涼しい場所へ移動せずその場で休ませ続けない
暑い環境に居続けることは、熱中症の症状をどんどん悪化させます。「少し休めば大丈夫」と判断してその場で寝かせるのは、やってはいけない対応の一つです。 具体的には、炎天下のグラウンドやエアコンのない室内では、体温が下がらず回復が遅れます。できる限り早く、エアコンの効いた室内や日陰など涼しい環境へ移動することが、熱中症の応急処置の基本です。
体を冷やさず水分補給だけで済ませない
水分補給は大切ですが、それだけでは不十分です。体の熱を外から下げる「冷却」を同時に行うことが重要です。 熱中症では体温が急激に上昇しているため、水分を補うだけでは深部体温が下がりません。たとえば、首・脇の下・足の付け根など太い血管が通る部位を、氷や冷たいタオルで冷やすと効果的です。水分補給と体を冷やす対応をセットで行うようにしましょう。
症状が重いのに様子見を続けない
「もう少し休めば改善するかも」という判断が、手遅れにつながることがあります。

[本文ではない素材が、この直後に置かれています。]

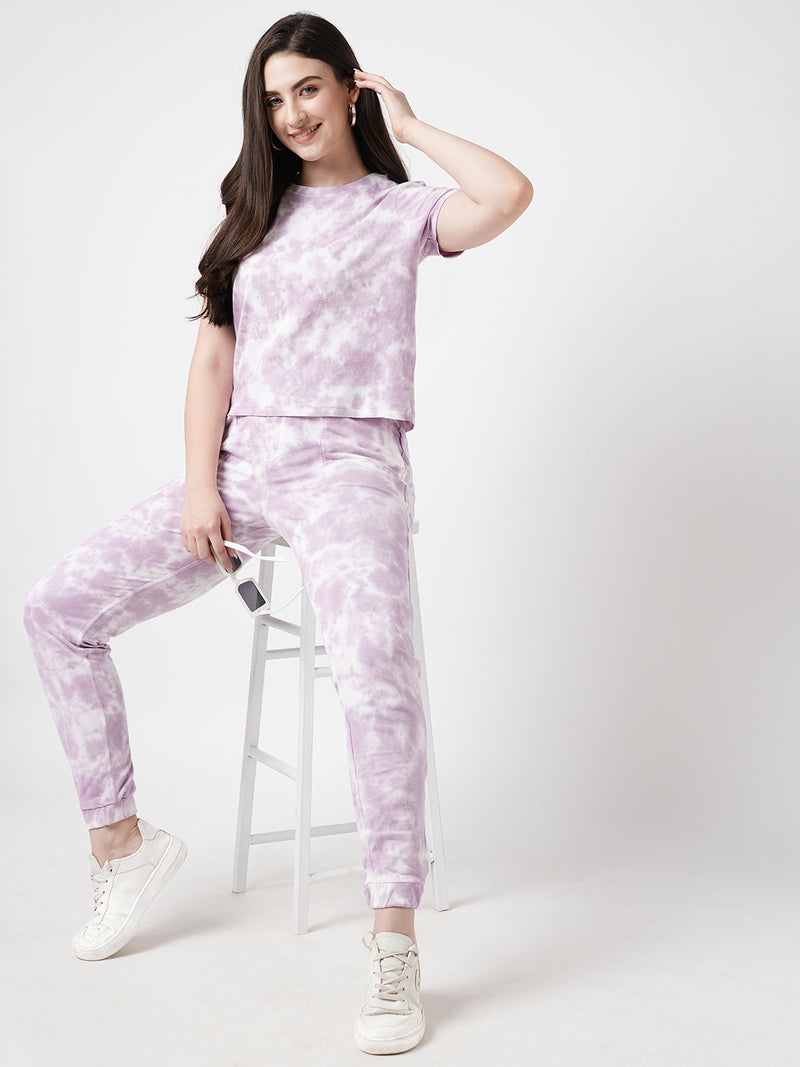 Women Lilac Tie & Dye Tie & Dye Short Sleeves Tshirts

意識が朦朧としている、ろれつが回らない、皮膚が乾燥して赤くなっているなどの症状は、重度の熱中症のサインです。 こうした状態では、一般的な応急処置では対応しきれない場合があります。屋外作業中にめまいや吐き気を訴えた方が意識も混濁してきた場合は、迷わず救急車を呼んでください。熱中症の応急処置において、「救急車を呼ぶ目安」を知っておくことは非常に大切です。
回復したように見えてすぐ運動や作業に戻さない
一時的に元気を取り戻したように見えても、体の内部ではまだ回復が不十分なことがあります。「大丈夫そうだから」とすぐに運動や屋外作業に戻すのは危険です。 熱中症はぶり返すことがあり、再び症状が悪化するリスクがあります。少なくとも当日は安静にして、十分な水分・塩分補給と休息を続けることが、再発防止につながります。回復したように見えてもすぐ運動や作業に戻らないことを、本人だけでなく周囲の人も理解しておきましょう。
熱中症が疑われるときにまず行う応急処置
熱中症の応急処置では、「涼しい場所へ移動」「体を冷やす」「水分・塩分の補給」の3ステップが基本です。このセクションでは、それぞれの具体的なやり方をわかりやすく説明します。迷わず行動できるよう、手順を確認しておきましょう。
エアコンの効いた室内や日陰へ移動する
熱中症が疑われたら、まず涼しい場所へ移動することを最優先にしてください。エアコンの効いたコンビニや公共施設、近くの日陰など、できる限り涼しい環境を確保しましょう。たとえば、部活動中の子どもがふらついた場合は、すぐにクーラーの効いた部室や体育館の日陰へ連れて行くことが大切です。自分で歩けない場合は、周囲の人に協力を求めながら安全に移動させてください。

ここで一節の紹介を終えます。